Cyndle's Blog
Dateline: Apr. 17, 2008
Things a Cat Must Remember:

  • My human will never let me eat her pet hamster, and I am at peace with that.
  • I will not puff my entire body to twice its size for no reason after my human has finished watching a horror movie.
  • I will not slurp fish food from the surface of the aquarium.
  • I must not help myself to Q-tips, and I must certainly not proceed to stuff them down the sink's drain.
  • I will not eat large numbers of assorted bugs, then come home and puke them up so the humans can see that I'm getting plenty of roughage.
  • I will not lean way over to drink out of the tub, fall in, and then pelt right for the box of clumping cat litter. (It took FOREVER to get the stuff out of my fur.)
  • I will not stand on the bathroom counter, stare down the hall, and growl at NOTHING after my human has finished watching The X-Files.
  • I will not fish out my human's partial plate from the glass so that the dog can "wear" it and pretend to be my human. (It is somewhat unnerving to wake up, roll over in bed, and see the dog grinning at you with your own teeth.)
  • I will not use the bathtub to store live mice for late-night snacks.
  • I will not drag dirty socks up from the basement in the middle of the night, deposit them on the bed and yell at the top of my lungs so that my human can admire my "kill."
  • I will not perch on my human's chest in the middle of the night and stare into her eyes until she wakes up.
  • We will not play Herd of Thundering Wildebeests Stampeding Across the Plains of the Serengeti over any humans' bed while they're trying to sleep.
  • Screaming at the can of food will not make it open itself.
  • I cannot leap through closed windows to catch birds outside. If I forget this and bonk my head on the window and fall behind the couch in my attempt, I will not get up and do the same thing again.
  • I will not assume the patio door is open when I race outside to chase leaves.
  • I will not back up off the front porch and fall into the bushes just as my human is explaining to his girlfriend how graceful I am.
  • I will not complain that my bottom is wet and that I am thirsty after sitting in my water bowl.
  • I will not intrude on my human's candle-lit bubble bath and singe my bottom.
  • I will not stick my paw into any container to see if there is something in it. If I do, I will not hiss and scratch when my human has to shave me to get the rubber cement out of my fur.
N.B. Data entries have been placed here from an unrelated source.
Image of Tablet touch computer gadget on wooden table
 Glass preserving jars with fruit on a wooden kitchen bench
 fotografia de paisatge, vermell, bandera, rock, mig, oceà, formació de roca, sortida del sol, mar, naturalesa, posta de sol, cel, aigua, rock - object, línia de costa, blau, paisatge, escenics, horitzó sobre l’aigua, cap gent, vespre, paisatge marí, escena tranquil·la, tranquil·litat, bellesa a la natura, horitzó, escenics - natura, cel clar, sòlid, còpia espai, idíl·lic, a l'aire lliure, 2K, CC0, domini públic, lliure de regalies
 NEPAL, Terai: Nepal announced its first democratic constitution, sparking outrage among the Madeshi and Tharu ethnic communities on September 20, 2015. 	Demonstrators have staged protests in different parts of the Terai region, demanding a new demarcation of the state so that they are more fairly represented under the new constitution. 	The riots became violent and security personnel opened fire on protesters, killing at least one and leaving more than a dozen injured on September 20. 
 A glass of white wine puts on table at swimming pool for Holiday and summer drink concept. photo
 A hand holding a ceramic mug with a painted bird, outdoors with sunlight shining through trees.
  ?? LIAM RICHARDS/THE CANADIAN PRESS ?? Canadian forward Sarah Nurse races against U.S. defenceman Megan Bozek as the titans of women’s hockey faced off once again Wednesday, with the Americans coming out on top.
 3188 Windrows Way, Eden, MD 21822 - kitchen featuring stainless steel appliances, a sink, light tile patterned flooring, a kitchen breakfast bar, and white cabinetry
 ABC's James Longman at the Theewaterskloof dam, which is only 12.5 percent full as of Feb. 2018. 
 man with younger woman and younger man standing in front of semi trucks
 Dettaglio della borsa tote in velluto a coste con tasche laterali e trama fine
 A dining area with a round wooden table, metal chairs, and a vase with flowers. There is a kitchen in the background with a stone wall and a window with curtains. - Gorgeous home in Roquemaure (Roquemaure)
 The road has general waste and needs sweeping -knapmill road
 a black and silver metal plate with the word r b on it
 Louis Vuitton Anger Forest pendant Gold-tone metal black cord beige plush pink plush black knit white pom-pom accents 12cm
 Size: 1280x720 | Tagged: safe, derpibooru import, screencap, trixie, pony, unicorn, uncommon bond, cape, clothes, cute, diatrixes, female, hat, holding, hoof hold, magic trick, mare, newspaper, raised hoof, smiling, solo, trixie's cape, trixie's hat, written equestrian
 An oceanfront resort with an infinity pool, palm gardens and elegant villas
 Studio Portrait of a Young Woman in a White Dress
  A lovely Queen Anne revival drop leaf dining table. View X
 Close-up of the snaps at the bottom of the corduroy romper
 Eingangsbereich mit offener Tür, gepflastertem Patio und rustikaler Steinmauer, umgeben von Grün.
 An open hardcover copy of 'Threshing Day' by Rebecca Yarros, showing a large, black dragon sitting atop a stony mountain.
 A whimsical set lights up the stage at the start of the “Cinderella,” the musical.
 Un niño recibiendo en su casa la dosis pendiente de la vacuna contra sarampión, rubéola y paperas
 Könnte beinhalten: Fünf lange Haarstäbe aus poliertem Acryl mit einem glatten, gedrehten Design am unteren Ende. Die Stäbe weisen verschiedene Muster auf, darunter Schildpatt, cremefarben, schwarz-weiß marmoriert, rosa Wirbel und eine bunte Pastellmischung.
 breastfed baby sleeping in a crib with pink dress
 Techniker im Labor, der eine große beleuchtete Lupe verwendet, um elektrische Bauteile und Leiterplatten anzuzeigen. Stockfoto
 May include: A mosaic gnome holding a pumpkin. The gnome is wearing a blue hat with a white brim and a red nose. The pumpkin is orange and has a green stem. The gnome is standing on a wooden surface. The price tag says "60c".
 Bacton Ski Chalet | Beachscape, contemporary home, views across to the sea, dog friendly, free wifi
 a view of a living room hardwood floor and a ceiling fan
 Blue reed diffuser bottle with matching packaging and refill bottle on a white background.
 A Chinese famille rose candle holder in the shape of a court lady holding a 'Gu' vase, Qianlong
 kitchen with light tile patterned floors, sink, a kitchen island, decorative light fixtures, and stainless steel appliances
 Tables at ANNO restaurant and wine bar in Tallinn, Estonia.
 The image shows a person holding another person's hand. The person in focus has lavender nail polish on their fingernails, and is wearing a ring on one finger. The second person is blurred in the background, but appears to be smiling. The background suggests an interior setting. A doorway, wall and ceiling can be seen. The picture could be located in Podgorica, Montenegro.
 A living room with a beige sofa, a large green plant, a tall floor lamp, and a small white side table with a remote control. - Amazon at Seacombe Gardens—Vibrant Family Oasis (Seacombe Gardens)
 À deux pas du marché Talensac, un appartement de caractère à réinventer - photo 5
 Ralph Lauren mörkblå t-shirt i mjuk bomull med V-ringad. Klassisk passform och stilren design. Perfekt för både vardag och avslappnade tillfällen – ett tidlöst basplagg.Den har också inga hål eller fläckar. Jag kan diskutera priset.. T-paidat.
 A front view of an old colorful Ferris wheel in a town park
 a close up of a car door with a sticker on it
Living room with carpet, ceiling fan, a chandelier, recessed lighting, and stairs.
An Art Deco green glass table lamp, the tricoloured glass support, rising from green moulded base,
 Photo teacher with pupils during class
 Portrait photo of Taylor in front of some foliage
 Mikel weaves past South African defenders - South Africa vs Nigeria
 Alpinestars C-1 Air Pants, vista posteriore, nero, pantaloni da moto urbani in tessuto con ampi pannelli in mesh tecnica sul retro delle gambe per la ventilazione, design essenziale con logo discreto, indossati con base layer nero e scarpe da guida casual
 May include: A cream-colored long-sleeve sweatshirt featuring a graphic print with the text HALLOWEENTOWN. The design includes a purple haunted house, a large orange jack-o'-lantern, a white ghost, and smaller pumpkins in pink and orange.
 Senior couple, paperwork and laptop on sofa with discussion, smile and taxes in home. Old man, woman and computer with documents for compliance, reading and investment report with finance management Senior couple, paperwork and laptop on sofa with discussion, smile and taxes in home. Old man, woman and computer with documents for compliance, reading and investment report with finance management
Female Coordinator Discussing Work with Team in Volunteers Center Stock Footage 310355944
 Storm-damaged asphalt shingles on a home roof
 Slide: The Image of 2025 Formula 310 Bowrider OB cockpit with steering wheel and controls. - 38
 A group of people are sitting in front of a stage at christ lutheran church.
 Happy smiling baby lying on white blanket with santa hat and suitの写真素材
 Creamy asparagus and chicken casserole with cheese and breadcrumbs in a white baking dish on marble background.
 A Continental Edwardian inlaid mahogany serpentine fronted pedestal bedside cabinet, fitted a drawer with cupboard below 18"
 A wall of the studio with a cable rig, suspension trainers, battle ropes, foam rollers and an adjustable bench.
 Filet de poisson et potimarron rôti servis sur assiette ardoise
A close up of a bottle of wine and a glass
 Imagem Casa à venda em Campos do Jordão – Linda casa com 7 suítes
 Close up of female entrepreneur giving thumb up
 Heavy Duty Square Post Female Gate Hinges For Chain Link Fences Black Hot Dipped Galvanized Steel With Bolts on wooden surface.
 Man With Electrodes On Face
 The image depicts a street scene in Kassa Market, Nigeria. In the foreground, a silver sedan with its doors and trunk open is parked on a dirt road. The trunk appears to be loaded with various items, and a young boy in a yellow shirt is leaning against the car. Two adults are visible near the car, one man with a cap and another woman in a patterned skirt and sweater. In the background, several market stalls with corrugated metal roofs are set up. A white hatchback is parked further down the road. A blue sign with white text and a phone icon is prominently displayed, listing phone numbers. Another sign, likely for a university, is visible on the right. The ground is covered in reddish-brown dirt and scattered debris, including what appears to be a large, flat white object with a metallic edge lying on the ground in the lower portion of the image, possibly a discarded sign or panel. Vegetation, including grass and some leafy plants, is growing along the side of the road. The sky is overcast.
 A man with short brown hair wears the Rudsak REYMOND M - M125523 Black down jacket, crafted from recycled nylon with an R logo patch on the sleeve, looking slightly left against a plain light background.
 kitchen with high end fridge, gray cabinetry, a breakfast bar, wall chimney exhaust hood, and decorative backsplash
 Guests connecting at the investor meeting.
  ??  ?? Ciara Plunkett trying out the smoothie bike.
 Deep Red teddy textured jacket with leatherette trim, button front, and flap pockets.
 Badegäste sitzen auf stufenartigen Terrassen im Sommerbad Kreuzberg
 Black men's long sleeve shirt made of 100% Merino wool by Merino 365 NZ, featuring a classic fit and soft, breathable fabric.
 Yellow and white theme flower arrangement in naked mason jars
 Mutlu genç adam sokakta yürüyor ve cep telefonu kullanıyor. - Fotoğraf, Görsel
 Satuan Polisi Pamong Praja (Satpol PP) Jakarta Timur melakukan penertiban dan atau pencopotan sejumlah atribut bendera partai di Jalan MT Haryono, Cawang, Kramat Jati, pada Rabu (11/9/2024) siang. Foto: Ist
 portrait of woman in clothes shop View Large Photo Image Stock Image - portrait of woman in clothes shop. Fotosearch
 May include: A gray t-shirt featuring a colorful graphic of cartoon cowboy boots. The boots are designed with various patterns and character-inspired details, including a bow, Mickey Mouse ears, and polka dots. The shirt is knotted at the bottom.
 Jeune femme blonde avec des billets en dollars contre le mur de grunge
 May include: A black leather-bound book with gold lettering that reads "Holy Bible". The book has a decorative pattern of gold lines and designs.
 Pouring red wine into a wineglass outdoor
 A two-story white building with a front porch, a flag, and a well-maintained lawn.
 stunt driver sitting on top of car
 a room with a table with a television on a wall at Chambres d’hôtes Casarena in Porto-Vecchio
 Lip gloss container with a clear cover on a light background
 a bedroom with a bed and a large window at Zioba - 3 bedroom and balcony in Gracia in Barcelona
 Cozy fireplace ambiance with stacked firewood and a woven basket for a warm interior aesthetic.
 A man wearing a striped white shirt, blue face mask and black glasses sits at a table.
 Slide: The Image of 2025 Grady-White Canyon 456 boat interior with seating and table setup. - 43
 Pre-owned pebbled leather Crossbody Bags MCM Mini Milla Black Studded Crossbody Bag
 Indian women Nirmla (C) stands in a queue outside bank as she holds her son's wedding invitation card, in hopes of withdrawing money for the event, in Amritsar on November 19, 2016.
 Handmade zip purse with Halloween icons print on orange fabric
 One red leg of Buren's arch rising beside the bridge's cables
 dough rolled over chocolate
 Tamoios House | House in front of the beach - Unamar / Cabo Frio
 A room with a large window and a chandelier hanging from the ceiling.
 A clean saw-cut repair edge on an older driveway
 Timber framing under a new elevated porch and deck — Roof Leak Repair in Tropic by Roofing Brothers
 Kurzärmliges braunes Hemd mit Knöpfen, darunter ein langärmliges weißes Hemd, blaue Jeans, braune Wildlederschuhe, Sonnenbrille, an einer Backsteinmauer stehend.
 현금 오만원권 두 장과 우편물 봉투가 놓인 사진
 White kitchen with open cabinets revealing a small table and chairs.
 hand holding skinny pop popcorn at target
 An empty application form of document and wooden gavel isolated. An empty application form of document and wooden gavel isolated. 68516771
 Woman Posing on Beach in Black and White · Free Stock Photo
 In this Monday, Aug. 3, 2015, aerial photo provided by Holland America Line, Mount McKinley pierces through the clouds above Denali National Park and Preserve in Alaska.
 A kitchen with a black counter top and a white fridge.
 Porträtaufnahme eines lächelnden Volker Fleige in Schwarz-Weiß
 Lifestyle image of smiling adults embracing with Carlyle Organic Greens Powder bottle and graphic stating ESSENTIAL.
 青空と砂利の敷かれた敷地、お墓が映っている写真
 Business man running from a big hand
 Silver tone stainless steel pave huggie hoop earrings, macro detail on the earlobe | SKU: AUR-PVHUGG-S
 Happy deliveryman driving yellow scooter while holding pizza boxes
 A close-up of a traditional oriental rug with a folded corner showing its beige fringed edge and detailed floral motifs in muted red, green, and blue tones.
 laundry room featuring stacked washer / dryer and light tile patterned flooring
  • If I bite the cactus, it will bite back.
  • It is not a good idea to try to lap up the powdered creamer before it dissolves in boiling coffee.
  • When I am chasing my tail and catch my back leg instead, I will not bite down on my foot. This hurts, and my scream scares my human.
  • When it rains, it will be raining on all sides of the house. It is not necessary to check every door.
  • Birds do not come from the bird feeder. I will not knock it down and try to open it up to get the birds out.
  • I will not stuff my rather large self into the rather small bird feeder (with my tail hanging out one side) and expect the birds to just fly in.
  • I will not teach the parrot to meow in a loud and raucous manner.
  • The dog can see me coming when I stalk her. She can see me and will move out of the way when I pounce, letting me smash into floors and walls. That does not mean I should take it as a personal insult when my humans sit there and laugh.
  • Yes, there are still two very large dogs in the backyard. There have been for several years. I don't have to act as if I've just discovered the Demon Horror of the Universe each time one of them appears in my window.
  • I will not play "dead cat on the stairs" while people are trying to bring in groceries or laundry, or else one of these days, it will really come true.
  • When the humans play darts, I will not leap into the air and attempt to catch them.
  • I will not swat my human's head repeatedly when she's on the family room floor trying to do sit ups.
  • When my human is typing at the computer, her forearms are *not* a hammock.
  • Computer and TV screens do not exist to backlight my lovely tail.
  • I am a walking static generator. My human doesn't need my help installing a new board in her computer.
  • I will not bring the city police to the front door by stepping on the speaker phone button and then the automatic 911 dial button.
  • I will not speed dial the overseas numbers.
  • I will not walk on the keyboard when my human is writing important emiognaioerp ga3qi4 taija3tgv aa35 a.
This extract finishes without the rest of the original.